Impact of Pile–Beam–Arch Tunnel Enlargement Method on Ground Movements and Building Damage

Metro station construction in densely built urban areas often faces challenges due to limited space on the ground surface for conventional open-cut methods. In such situations, enlarging the driven shield tunnel proves to be a more viable alternative. This paper assesses the effectiveness of the Pile–Beam–Arch method for constructing metro stations by enlarging shield tunnels in areas where conventional methods are impractical. The process of tunnel enlargement involves the destruction of the existing lining and additional excavation around the tunnel, resulting in alterations to in-situ stresses and ground stability. The induced ground movements during this process can have significant impacts on nearby buildings, particularly in densely populated areas. To address this concern, our research focuses on analyzing the ground movements resulting from tunnel enlargement and evaluating their effects on adjacent buildings. Using a three-dimensional numerical analysis based on finite-difference FLAC 3D, we conducted a comprehensive study to assess the safety of the Pile–Beam–Arch tunnel enlargement method concerning adjacent structures in urban areas. The study revealed that the maximum horizontal displacement on the ground surface occurs at a distance of 1.6 times the diameter of the tunnel.
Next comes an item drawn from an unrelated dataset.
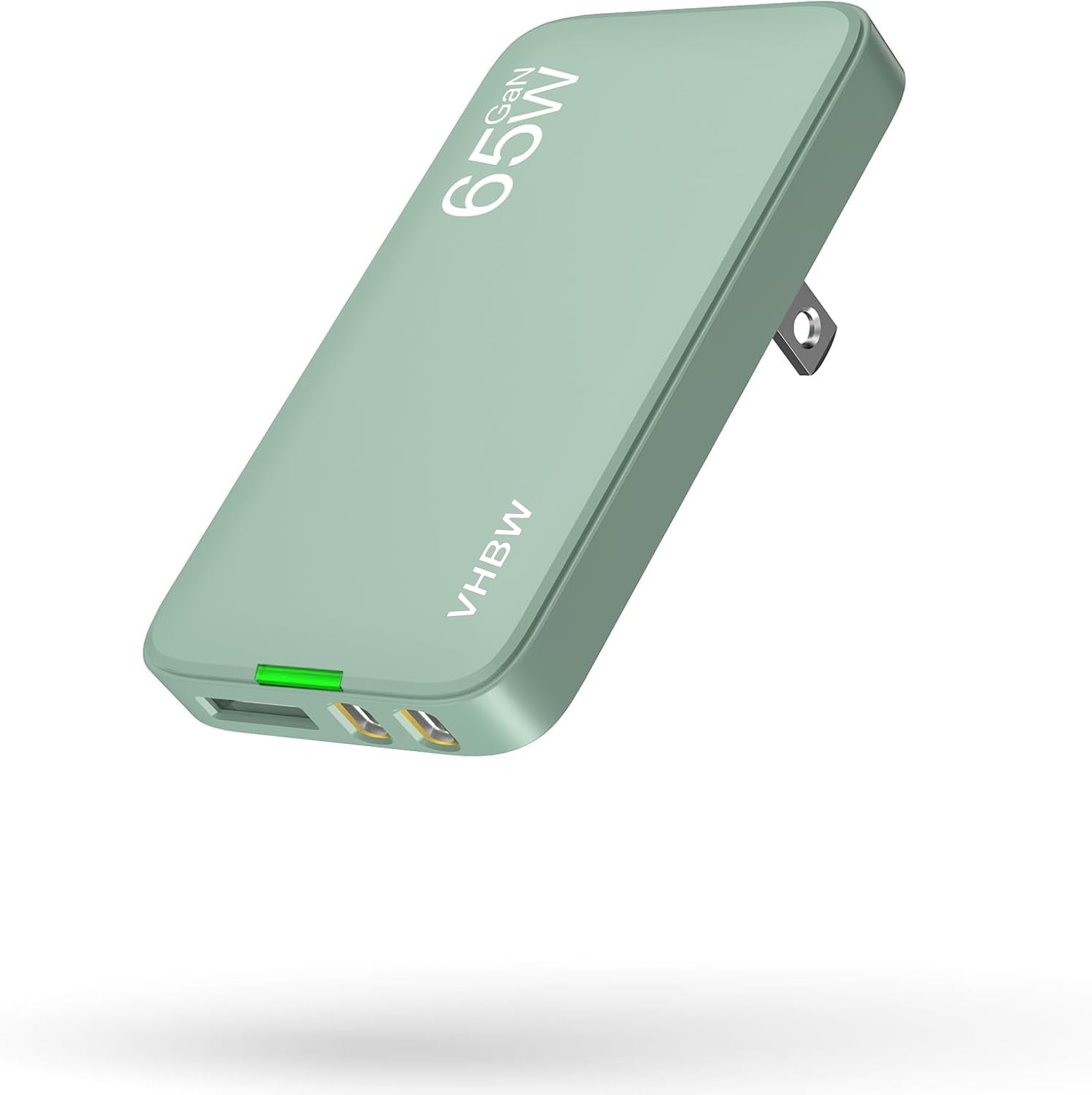 65W GaN USB C Charger, 3 Port Flat USB Wall Charger, Ultra-Slim GaN Charger PD3.0&PPS, Foldable Plug for MacBook, Laptops, Tablets, iPhone 15, Samsung(Mint Green-65W)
This amount of displacement can potentially cause tension cracks in buildings within this vicinity. This indicates that the primary mode of damage in this location is the lateral displacement of the ground transmitted to the foundation and structure. In accordance with Boscardin and Cording diagrams, this critical distance emerges as a pivotal consideration for the safety and stability of urban buildings during the tunnel enlargement process.